_Instructions to follow_
A line belongs in the answer if it contains "backsplash"; copy every such line from the entries below.

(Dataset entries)
····················

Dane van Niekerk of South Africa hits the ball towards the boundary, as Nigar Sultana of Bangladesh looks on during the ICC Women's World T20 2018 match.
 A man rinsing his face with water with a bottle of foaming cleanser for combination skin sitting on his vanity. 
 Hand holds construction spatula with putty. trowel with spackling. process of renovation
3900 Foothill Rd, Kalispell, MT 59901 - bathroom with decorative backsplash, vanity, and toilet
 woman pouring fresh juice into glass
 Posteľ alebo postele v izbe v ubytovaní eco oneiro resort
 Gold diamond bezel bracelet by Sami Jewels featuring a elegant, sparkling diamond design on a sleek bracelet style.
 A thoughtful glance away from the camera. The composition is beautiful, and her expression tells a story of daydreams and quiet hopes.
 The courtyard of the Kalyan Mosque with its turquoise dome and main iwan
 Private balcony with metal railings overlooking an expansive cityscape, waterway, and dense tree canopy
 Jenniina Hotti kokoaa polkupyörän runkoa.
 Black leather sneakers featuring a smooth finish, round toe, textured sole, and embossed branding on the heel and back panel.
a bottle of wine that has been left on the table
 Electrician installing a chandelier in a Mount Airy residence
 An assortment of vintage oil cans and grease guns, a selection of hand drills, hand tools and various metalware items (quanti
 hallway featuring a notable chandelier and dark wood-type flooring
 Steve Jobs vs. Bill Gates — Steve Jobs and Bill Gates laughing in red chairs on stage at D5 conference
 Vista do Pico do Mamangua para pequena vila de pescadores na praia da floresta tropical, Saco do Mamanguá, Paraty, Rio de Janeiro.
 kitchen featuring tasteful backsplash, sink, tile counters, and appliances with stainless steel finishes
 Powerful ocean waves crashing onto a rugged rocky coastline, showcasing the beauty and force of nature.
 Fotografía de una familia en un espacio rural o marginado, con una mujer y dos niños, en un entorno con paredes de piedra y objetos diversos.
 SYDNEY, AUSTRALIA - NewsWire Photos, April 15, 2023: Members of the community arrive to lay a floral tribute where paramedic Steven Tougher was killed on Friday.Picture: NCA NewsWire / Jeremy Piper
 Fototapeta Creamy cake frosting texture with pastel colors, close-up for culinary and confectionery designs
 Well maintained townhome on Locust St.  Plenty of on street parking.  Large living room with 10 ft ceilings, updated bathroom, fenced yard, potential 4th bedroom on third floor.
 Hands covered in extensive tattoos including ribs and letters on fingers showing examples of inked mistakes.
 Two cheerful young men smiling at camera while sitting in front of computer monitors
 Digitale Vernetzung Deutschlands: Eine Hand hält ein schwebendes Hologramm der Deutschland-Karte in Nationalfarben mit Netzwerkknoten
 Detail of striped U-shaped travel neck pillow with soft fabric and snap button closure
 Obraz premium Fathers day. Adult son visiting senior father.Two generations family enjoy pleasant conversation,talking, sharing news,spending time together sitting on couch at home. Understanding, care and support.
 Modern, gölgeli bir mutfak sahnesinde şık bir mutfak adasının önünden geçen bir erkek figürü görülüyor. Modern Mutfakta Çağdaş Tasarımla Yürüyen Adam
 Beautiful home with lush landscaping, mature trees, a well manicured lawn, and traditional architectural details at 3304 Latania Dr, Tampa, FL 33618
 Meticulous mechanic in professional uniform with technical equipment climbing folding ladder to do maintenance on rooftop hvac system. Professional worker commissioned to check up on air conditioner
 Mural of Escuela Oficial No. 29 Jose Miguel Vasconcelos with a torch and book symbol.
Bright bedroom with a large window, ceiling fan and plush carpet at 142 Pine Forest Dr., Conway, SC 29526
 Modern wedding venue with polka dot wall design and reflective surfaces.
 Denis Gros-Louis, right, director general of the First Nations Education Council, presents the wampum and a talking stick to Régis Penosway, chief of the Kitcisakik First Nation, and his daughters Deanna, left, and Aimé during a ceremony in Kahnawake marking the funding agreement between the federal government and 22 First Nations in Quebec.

····················

_Task output_
3900 Foothill Rd, Kalispell, MT 59901 - bathroom with decorative backsplash, vanity, and toilet
 kitchen featuring tasteful backsplash, sink, tile counters, and appliances with stainless steel finishes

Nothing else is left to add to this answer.